Just about everyone, from coaches to players, has tried to take the blame for Cal's two-game losing streak.  Add one more. "The numbers speak for themselves," center Alex Mack said. "As a line, we're not doing enough to help the running game. "It's frustrating for us because our expectation is perfection. I think we're still a good line, but we're not as good as we need to be." After starting the season on a torrid pace, rushing for 198.6 yards a game and allowing only four sacks during the 5-0 start, the Bears have run for 125.5 yards and allowed four sacks in the two losses. For the third consecutive week, Cal will face a rush defense ranked among the top 15 in the country when it plays at Arizona State on Saturday.

"We have a lot to prove this week," Mack said. "We know we have a good line, and we're dying to show that this week against a good opponent." The Bears ran for 184 yards but allowed three sacks in the 31-28 loss to Oregon State, which was No. 1 nationally in rushing defense and No. 3 in sacks at the time. UCLA limited Cal to 67 rushing yards and recorded a sack. Early in the season, line play was so strong that Cal showed no signs of missing graduates Andrew Cameron at left tackle and Erik Robertson at left guard. The Bears ran for more than 200 yards in each of their first three games, including a 230-yard manhandling of Tennessee.

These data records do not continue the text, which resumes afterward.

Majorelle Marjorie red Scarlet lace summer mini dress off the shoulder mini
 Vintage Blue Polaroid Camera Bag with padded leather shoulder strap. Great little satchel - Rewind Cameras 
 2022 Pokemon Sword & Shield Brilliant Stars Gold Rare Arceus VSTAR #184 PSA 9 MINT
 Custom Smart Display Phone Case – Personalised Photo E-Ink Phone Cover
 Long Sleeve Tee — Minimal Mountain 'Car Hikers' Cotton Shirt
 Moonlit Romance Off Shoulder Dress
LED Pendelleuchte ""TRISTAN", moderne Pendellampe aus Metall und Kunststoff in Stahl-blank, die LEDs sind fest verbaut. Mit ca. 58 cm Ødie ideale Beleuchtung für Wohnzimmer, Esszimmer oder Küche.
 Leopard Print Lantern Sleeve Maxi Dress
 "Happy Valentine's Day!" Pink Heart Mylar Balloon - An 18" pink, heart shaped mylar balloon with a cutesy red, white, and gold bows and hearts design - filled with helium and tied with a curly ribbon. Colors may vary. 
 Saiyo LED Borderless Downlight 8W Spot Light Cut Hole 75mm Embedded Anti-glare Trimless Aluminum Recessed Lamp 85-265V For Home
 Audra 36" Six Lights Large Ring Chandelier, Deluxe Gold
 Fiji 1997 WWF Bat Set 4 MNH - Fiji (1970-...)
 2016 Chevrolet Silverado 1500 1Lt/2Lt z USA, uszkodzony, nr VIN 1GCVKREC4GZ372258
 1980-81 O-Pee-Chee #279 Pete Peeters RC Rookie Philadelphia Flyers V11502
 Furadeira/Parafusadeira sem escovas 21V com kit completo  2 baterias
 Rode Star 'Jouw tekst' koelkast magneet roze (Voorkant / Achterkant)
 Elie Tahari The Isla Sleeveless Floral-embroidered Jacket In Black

"We've slipped a little, but we've refocused on the little things," left guard Brian De La Puente said. "The camaraderie is still there. "We're hungry. Saturday can't come soon enough," he said. "We can't wait to get back out there and get this taste out of our mouths." The bad taste started against Oregon State, which held tailback Justin Forsett out of the end zone on four consecutive runs from inside the 2-yard line. Before the failed 4th-and-inches play, left tackle Mike Gibson shoved each offensive lineman in the chest. "I told them that this is what we're all about," Gibson said. "This is about pride. If we want to be No. 1 in the country, we've got to start acting like it. We definitely didn't play like one of the top teams in the country. "That should never happen." Coach Jeff Tedford had a more simple explanation. "We need to block better," he said. But that didn't stop him from relying on the running attack late in the 30-21 loss to UCLA, which often put eight or nine defenders in the box. Tedford trusted the line to open holes as he called for nine running plays on Cal's first 12 plays in the fourth quarter.

"If (the running game) gets shut down four times in a row, we expect to get something out of the fifth and sixth one," he said. Cal has a history of that. Offensive coordinator Jim Michalczik has mentored lines that have paved the way for five consecutive 1,000-yard backs, and Forsett is well on his way with 811 yards through seven games. "We take winning the battle at the line of scrimmage personally," right guard Noris Malele said. "All five of us have that mean streak, that edge, so we just take it as a challenge. We'll pick it up, we'll take it out on the field and we'll see what happens."

Briefly: Quarterback Nate Longshore said the Southern California wildfires didn't do any damage to his family's home in Canyon Country, but a fire did blaze through his backyard. "My brother and my uncle were out there with garden hoses," he said. "My mom gives me updates on what's going on. It's pretty scary, but at the same time, I have faith that our firefighters will do a good job of keeping everybody safe."